WHAT TO PRODUCE = Go to the line with "Blood has some" in the material below and copy from there through the line with "Step 4: Add", exactly. Pictures are not copied.

=== TASK MATERIAL ===

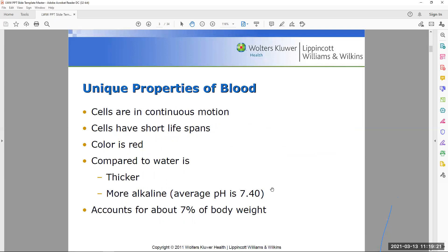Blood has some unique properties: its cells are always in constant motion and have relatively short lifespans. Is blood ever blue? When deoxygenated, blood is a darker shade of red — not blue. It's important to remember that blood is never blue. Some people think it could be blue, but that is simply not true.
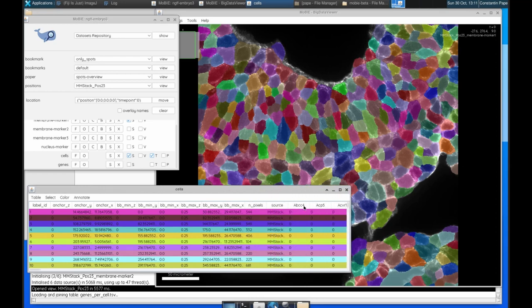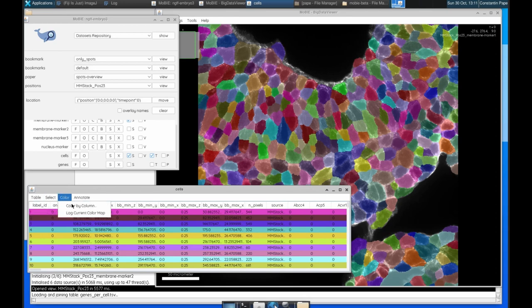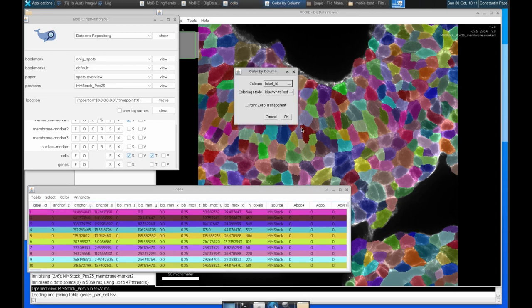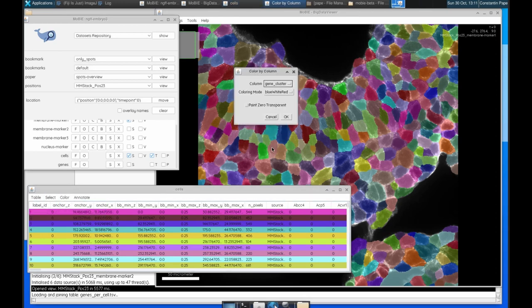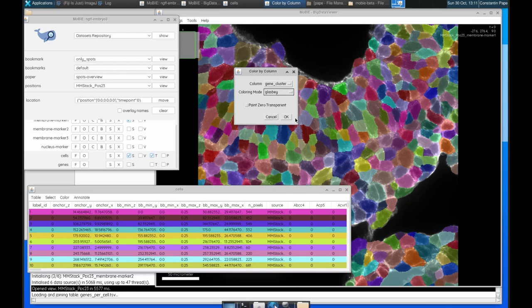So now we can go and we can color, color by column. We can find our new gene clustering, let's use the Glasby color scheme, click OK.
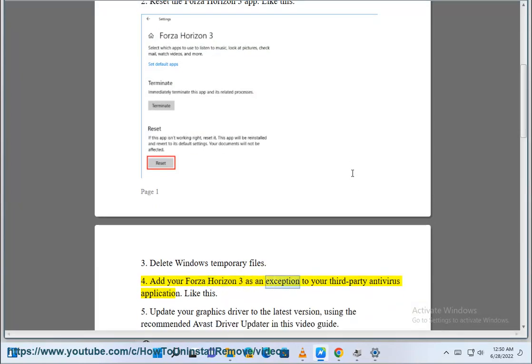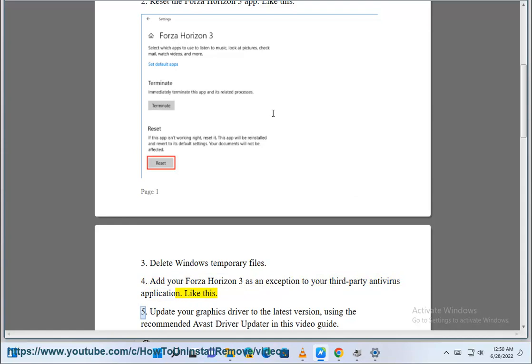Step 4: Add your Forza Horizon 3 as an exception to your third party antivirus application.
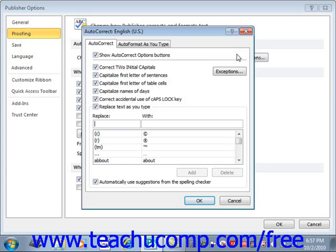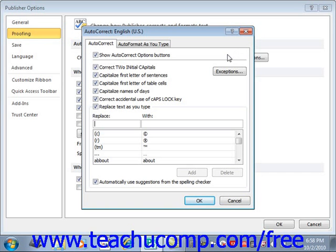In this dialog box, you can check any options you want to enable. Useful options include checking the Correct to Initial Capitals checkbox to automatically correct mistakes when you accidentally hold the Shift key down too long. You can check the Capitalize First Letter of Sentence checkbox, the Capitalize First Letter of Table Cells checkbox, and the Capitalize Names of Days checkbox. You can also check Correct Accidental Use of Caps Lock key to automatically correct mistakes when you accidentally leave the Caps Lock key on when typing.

===
=== TASK MATERIAL ===

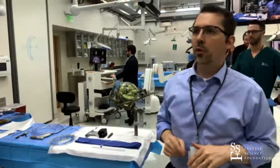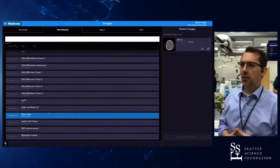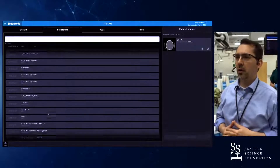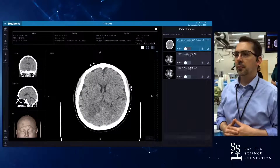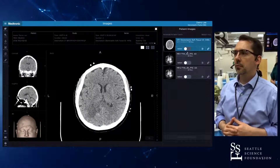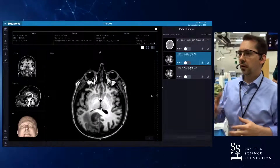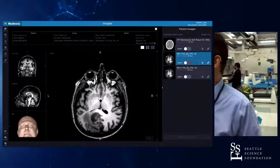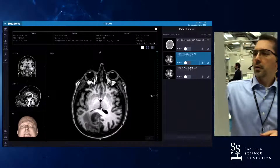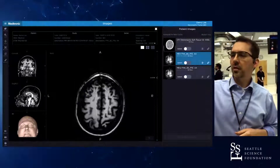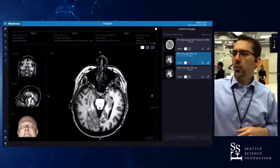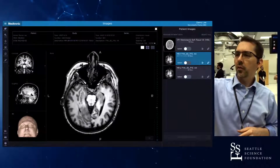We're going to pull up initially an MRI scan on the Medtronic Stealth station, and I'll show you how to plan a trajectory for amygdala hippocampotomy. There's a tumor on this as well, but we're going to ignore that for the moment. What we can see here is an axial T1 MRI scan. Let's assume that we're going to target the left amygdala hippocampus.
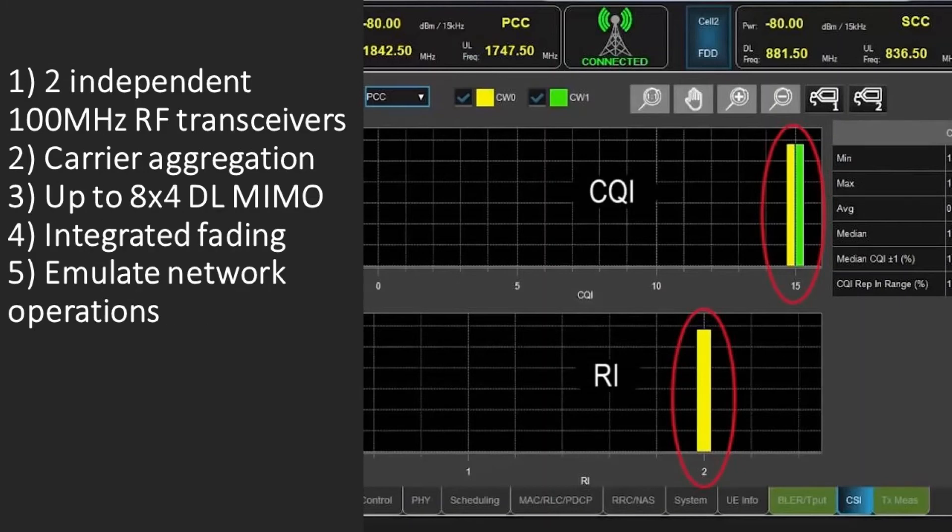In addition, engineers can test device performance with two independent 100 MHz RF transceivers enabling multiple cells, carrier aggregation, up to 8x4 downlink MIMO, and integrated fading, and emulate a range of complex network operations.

===

ANSWER AREA =
Blood has some unique properties: its cells are always in constant motion and have relatively short lifespans. Is blood ever blue? When deoxygenated, blood is a darker shade of red — not blue. It's important to remember that blood is never blue. Some people think it could be blue, but that is simply not true.
So now we can go and we can color, color by column. We can find our new gene clustering, let's use the Glasby color scheme, click OK.
Step 4: Add your Forza Horizon 3 as an exception to your third party antivirus application.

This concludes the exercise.